=== Section Start ===

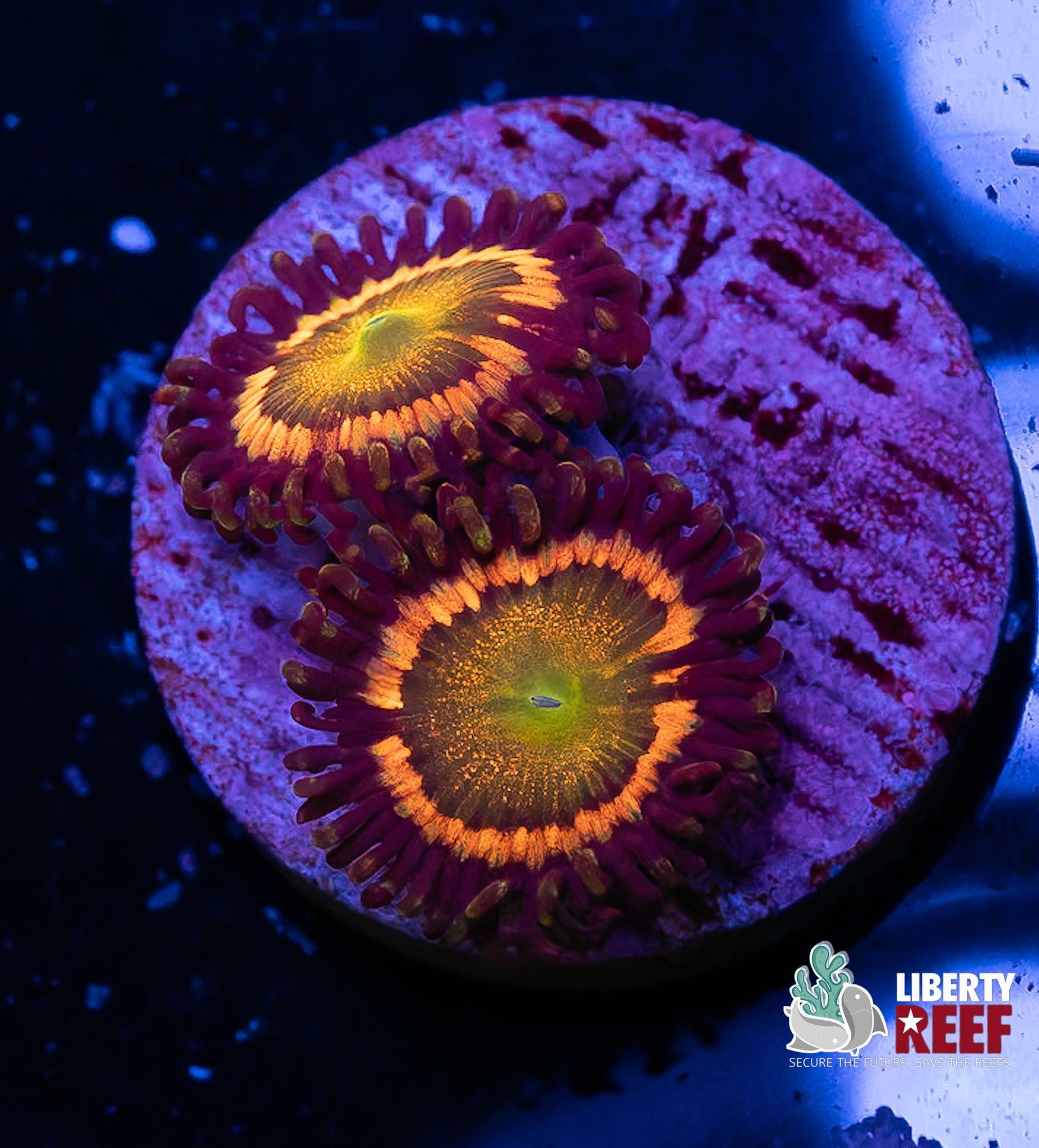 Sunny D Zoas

=== Section End ===
=== Section Start ===

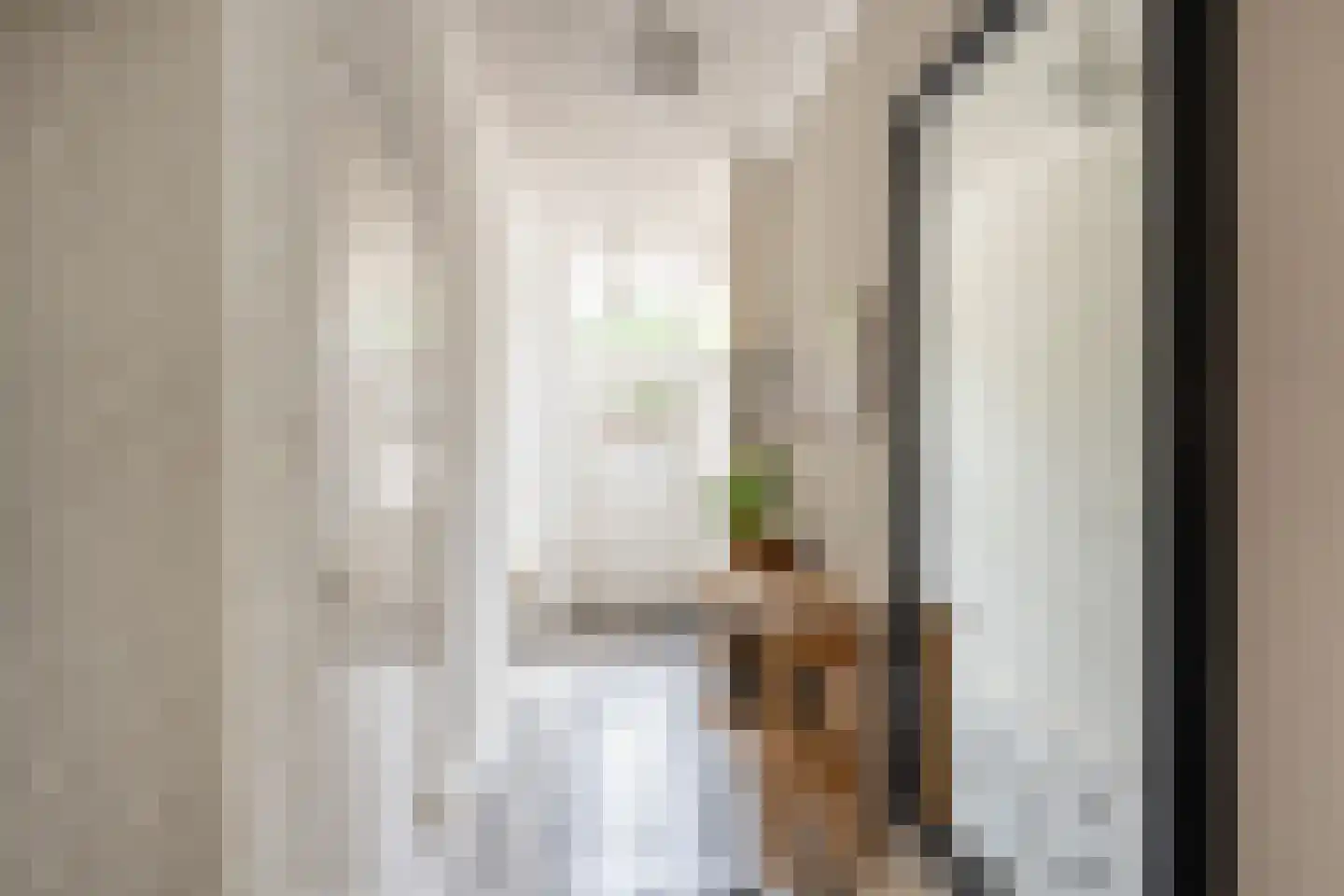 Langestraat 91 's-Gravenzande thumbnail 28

=== Section End ===
=== Section Start ===

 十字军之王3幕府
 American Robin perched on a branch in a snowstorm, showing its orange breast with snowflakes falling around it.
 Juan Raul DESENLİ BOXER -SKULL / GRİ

=== Section End ===

§ **To do**: In the data above, retype exactly and only the lines between the one holding "American Robin perched" and the one holding "Juan Raul DESENLİ BOXER -SKULL / GRİ", inclusive.

§ **Response to this exercise**:
 American Robin perched on a branch in a snowstorm, showing its orange breast with snowflakes falling around it.
 Juan Raul DESENLİ BOXER -SKULL / GRİ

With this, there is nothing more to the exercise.